Uma proposta de texto para alterar a Lei do Marco Temporal, que trata da demarcação de terras indígenas no Brasil, apresentada pelo ministro Gilmar Mendes, será discutida nesta segunda-feira (17) pelo Supremo Tribunal Federal (STF).
O texto, que conta com 94 artigos, segue autenticando tese já dada pela Corte que garantiu proteção constitucional sobre a terra aos povos indígenas que já ocupavam os espaços antes do marco temporal em 1988, quando a Constituição Federal foi promulgada.
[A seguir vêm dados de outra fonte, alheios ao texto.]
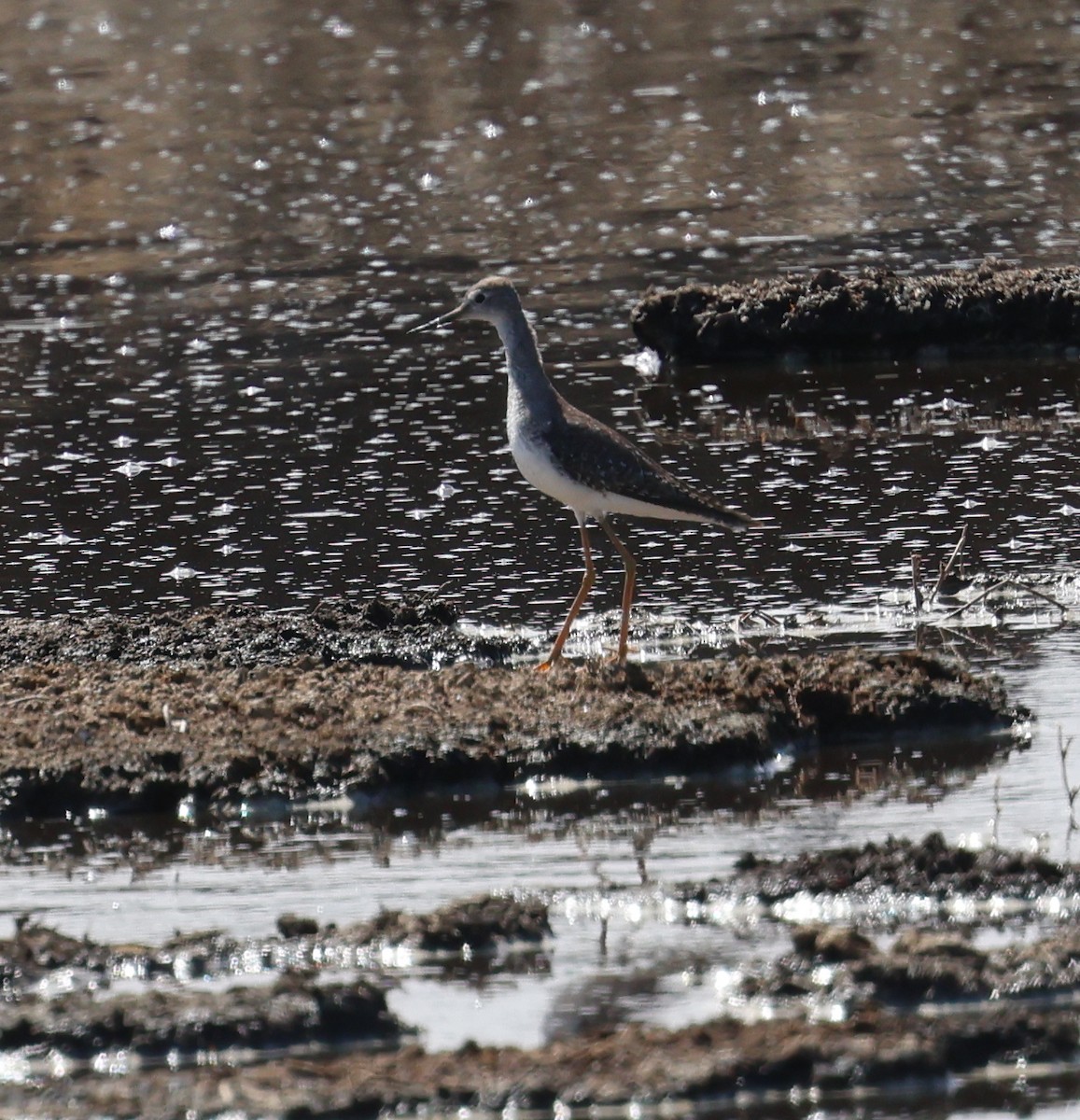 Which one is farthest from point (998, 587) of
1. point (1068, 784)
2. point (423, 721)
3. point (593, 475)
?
point (423, 721)

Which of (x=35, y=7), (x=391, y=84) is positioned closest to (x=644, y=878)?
(x=391, y=84)

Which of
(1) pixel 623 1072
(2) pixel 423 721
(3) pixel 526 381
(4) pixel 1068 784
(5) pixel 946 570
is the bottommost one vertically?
(1) pixel 623 1072

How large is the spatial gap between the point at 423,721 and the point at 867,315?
8448mm

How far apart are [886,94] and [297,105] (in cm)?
787

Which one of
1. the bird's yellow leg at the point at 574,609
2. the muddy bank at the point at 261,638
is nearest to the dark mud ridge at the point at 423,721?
the muddy bank at the point at 261,638

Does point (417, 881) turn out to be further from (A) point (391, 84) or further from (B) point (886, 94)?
(A) point (391, 84)

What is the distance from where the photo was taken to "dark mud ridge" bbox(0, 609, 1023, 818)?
8273 mm

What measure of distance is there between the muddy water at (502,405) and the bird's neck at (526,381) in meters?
1.07

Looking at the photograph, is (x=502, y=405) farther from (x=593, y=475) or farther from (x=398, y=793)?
(x=398, y=793)

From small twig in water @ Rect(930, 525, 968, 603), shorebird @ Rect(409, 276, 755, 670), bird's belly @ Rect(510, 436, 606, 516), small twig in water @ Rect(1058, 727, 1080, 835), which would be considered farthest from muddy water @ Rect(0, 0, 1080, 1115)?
bird's belly @ Rect(510, 436, 606, 516)

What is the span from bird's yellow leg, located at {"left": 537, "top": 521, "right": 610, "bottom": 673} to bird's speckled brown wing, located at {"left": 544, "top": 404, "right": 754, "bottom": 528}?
495mm

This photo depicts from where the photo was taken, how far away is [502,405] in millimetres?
15281

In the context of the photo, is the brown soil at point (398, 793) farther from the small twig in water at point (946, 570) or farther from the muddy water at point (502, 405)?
the small twig in water at point (946, 570)

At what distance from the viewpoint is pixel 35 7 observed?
41656mm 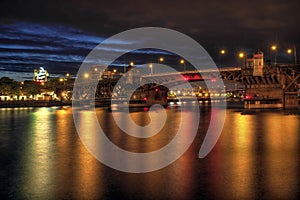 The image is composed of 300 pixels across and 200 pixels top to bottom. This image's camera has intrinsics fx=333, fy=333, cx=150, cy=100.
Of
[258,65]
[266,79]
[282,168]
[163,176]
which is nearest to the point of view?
[163,176]

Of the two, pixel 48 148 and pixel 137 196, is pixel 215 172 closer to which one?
pixel 137 196

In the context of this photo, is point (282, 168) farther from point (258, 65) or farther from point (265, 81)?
point (265, 81)

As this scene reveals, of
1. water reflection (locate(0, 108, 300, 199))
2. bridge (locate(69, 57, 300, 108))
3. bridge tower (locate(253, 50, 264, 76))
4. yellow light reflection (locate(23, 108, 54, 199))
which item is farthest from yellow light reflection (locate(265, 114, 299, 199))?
bridge (locate(69, 57, 300, 108))

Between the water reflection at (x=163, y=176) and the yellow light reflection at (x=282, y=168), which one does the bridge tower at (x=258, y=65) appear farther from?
the water reflection at (x=163, y=176)

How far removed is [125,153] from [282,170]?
11852 mm

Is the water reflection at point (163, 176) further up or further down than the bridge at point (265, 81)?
further down

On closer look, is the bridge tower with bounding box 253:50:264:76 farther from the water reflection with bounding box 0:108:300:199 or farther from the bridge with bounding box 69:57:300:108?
the water reflection with bounding box 0:108:300:199

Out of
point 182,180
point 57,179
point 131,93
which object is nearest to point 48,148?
point 57,179

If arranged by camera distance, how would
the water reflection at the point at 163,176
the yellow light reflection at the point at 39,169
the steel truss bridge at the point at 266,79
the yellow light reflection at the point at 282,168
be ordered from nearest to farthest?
the water reflection at the point at 163,176 < the yellow light reflection at the point at 282,168 < the yellow light reflection at the point at 39,169 < the steel truss bridge at the point at 266,79

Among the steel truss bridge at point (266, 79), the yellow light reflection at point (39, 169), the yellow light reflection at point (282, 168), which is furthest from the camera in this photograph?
the steel truss bridge at point (266, 79)

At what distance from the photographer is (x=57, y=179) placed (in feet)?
57.3

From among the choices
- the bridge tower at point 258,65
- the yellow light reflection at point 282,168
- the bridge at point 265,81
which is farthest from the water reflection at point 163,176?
the bridge at point 265,81

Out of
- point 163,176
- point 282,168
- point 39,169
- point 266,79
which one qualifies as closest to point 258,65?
point 266,79

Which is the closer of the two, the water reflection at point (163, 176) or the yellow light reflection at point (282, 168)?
the water reflection at point (163, 176) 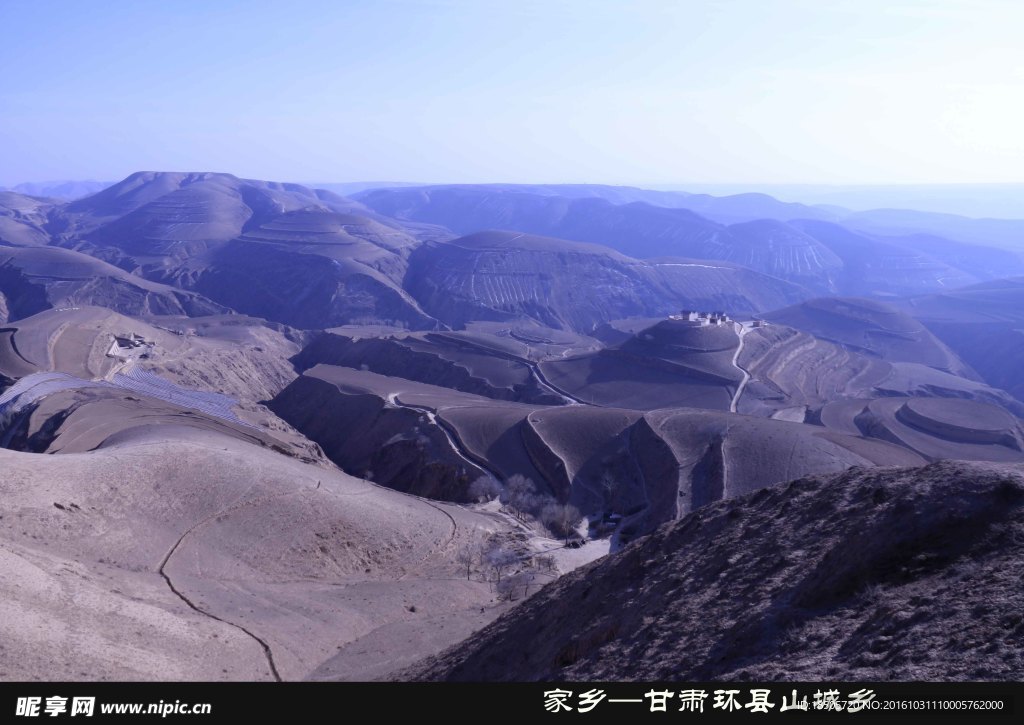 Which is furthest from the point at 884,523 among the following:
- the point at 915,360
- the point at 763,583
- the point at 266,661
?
the point at 915,360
Outras medidas estipuladas no texto são:
- Critérios técnicos e estudos multidisciplinares fundiários;
- Pesquisa sobre o histórico de ocupação de terra indígena;
- Descrição das atividades produtivas desenvolvidas pelo grupo;
- Direito de contestação;
- Ampla defesa por parte de eventuais proprietários das áreas ocupadas, incluindo entes federativos onde está localizada a área reivindicada;
- Implementação de medidas compensatórias ou indenizatórias do valor da terra, caso comprovada a posse direta não indígena.
Há no documento, artigo que permite a exploração de recursos minerais em terras indígenas. Esse dispositivo gera divergências entre o grupo que debate o assunto.
Os desacordos acontecem, pois as atividades precisariam de autorização da Fundação Nacional dos Povos Indígenas (Funai), Ministério Público Federal (MPF), além de comunidades indígenas, enquanto o texto estabelece exploração de recursos minerais estratégicos como interesse público da união.
Quem participa da discussão?
- Funai;
- Confederação da Agricultura e Pecuária do Brasil (CNA);
- Deputada Célia Xakriabá (PSOL);
- Partido dos Trabalhadores (PT),
- Partido Socialismo e Liberdade (PSOL);
- Partido Liberal;
- Partido Comunista do Brasil (PCdoB).
O que é o marco temporal?
Marco temporal é uma tese jurídica segundo a qual os povos indígenas têm direito de ocupar apenas as terras que ocupavam em 5 de outubro de 1988, data de promulgação da Constituição.
Essa tese surgiu em 2009 quando discutiu-se a demarcação da reserva Raposa-Serra do Sol, em Roraima, por parecer da Advocacia-Geral da União (AGU).